Classic features of celiac disease include total villous blunting, hyperplastic crypts, expansion of the lamina propria by plasma cell-rich inflammatory infiltrates, and increased intraepithelial lymphocytes (Fig. 2A and B). Indeed, biopsies with severe villous abnormalities bear a close resemblance to colonic mucosa. Notably, the absence of villi is accompanied by regeneration and hyperplasia of crypts and, thus, the findings are more appropriate classified as “villous remodeling” than “villous atrophy.” Surface enterocytes are damaged and may display loss of polarity with an attenuated brush border. Mucosal erosions and ulcerations are quite rare and, if present, may herald the onset of refractory sprue or lymphoma. Scattered neutrophils are occasionally encountered in crypts and some patients even have crypt or surface microabscesses. However, these findings are generally mild and focal in nature; more substantial neutrophilic infiltrates should raise the possibility of an alternative diagnosis.²³ The severity of histologic damage can be quantified using the Marsh classification scheme. This grading system, which was later modified by Oberhuber et al.,²⁵ assesses the degree of villous blunting, intraepithelial lymphocytes, and crypt hyperplasia (Table 2).²⁴ While the Marsh classification is an important research tool that can be used to determine responses to treatment, it is not routinely used in daily practice.

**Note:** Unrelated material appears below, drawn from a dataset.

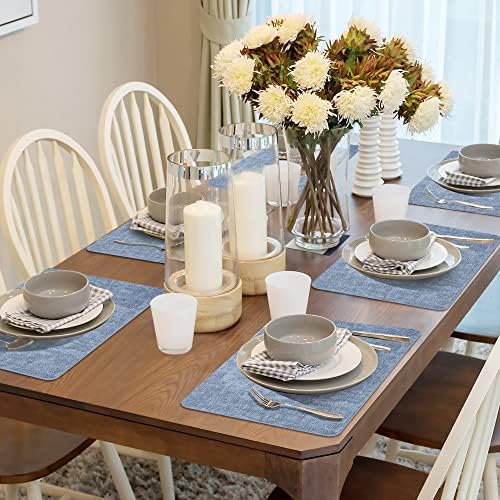 Maxpearl Faux Leather Placemats Set of 6, Easy to Clean, Blue - Image 2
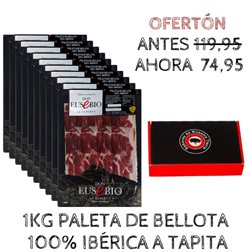 10 sobres de Paletilla de bellota 100% Ibérica Salamanca cortada a tapita de 100grs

The diagnosis of celiac disease is straightforward when the clinical findings, serologic studies, and biopsy results are all in agreement. However, there are many instances in which one or more of these tests are negative. Some patients may have normal duodenal biopsies in the presence of positive serologies. These patients may be provisionally labeled with latent celiac disease, which may be managed with a combination of repeat biopsies, a trial of gluten withdrawal, or, more commonly, watchful waiting.10, 13 If, however, intraepithelial lymphocytes are encountered in the absence of other supportive evidence of celiac disease, one should consider alternative explanations for the histologic findings. A strong clinical suspicion in the absence of supportive histologic or laboratory findings may prompt evaluation for high-susceptibility alleles HLA-DQ2 or DQ8 or repeat testing prior to initiation of gluten withdrawal.¹⁰

The histologic abnormalities and clinical symptoms of celiac disease usually regress rapidly upon adherence to a gluten-free diet. Incomplete resolution, or recurrence, of symptoms despite at least one year of adherence to a gluten-free diet is classified as refractory celiac disease. Possible etiologies include non-compliance to gluten withdrawal, collagenous sprue, or concomitant lymphocytosis elsewhere in the gastrointestinal tract. Once these possibilities are excluded, refractory celiac disease is classified based upon the predominant phenotype of intraepithelial T-cells.26, 27 Type I refractory celiac disease is characterized by a normal T-cell phenotype (CD3⁺/CD8⁺), whereas type II refractory celiac disease displays loss of CD8 expression and clonality by molecular studies. Type II disease may progress to overt enteropathy-associated T-cell lymphoma. This lethal complication of celiac disease consists of an infiltrate of medium-to-large cells with round nuclei, prominent nucleoli, and moderate amounts of pale cytoplasm, which is accompanied by a reactive inflammatory cell infiltrate rich in macrophages and eosinophils.²⁸

Collagenous sprue was originally described by Weinstein et al.²⁹ in 1970. It shares many features with celiac disease, including severe villous architectural abnormalities, crypt hyperplasia, and intraepithelial lymphocytosis, but also shows an irregularly thickened layer of type 1 collagen subjacent to the surface epithelium (Fig. 3). Collagenous sprue shares many features with collagenous colitis. The lamina propria is expanded by a mixed inflammatory cell infiltrate and increased eosinophils and the subepithelial collagen layer contains entrapped capillaries and inflammatory cells. Most cases show some degree of surface epithelial cell damage, including cytoplasmic vacuolization, loss of columnar shape, and detachment from the basement membrane. Occasional neutrophils may be present, but are not a prominent feature.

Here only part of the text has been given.